● DATA EXTRACTS:
<<<<

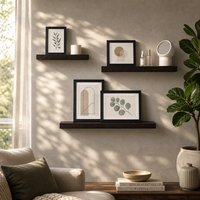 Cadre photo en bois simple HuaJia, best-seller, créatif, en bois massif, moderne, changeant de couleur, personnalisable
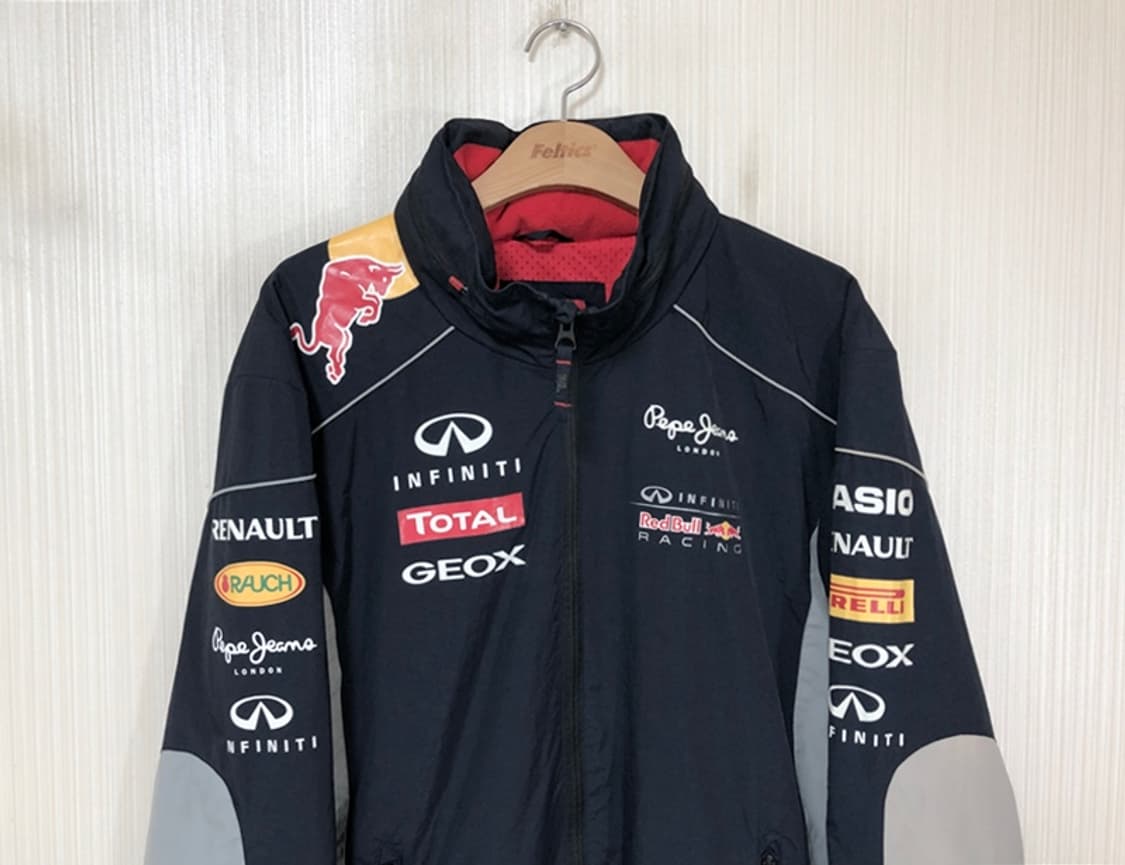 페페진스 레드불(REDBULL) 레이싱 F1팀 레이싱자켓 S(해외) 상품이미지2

>>>>
<<<<

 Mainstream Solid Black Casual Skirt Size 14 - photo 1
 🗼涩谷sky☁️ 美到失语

>>>>
<<<<

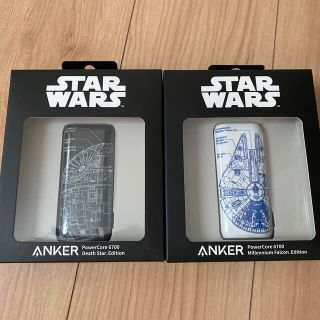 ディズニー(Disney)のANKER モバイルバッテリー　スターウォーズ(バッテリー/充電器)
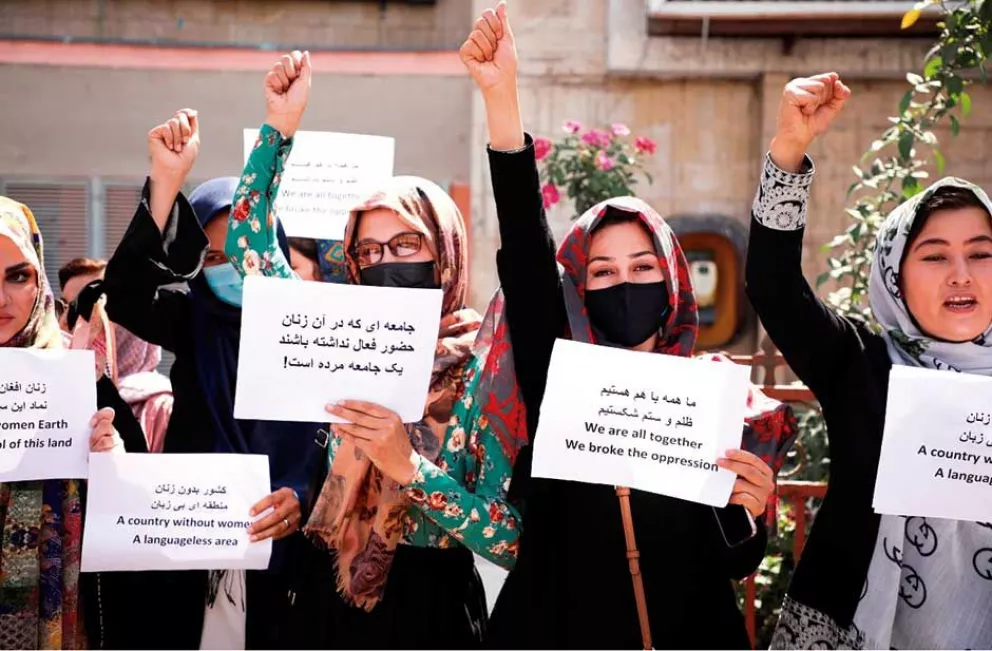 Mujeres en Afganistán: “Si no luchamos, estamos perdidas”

>>>>

● DESCRIPTION OF THE TASK: Only the lines between the one with "Cadre photo en" and the one with "페페진스 레드불(REDBULL) 레이싱 F1팀 레이싱자켓 S(해외) 상품이미지2", those two included, get copied from the material above. Keep it exact and free of pictures.

● YOUR SOLUTION:
 Cadre photo en bois simple HuaJia, best-seller, créatif, en bois massif, moderne, changeant de couleur, personnalisable
 페페진스 레드불(REDBULL) 레이싱 F1팀 레이싱자켓 S(해외) 상품이미지2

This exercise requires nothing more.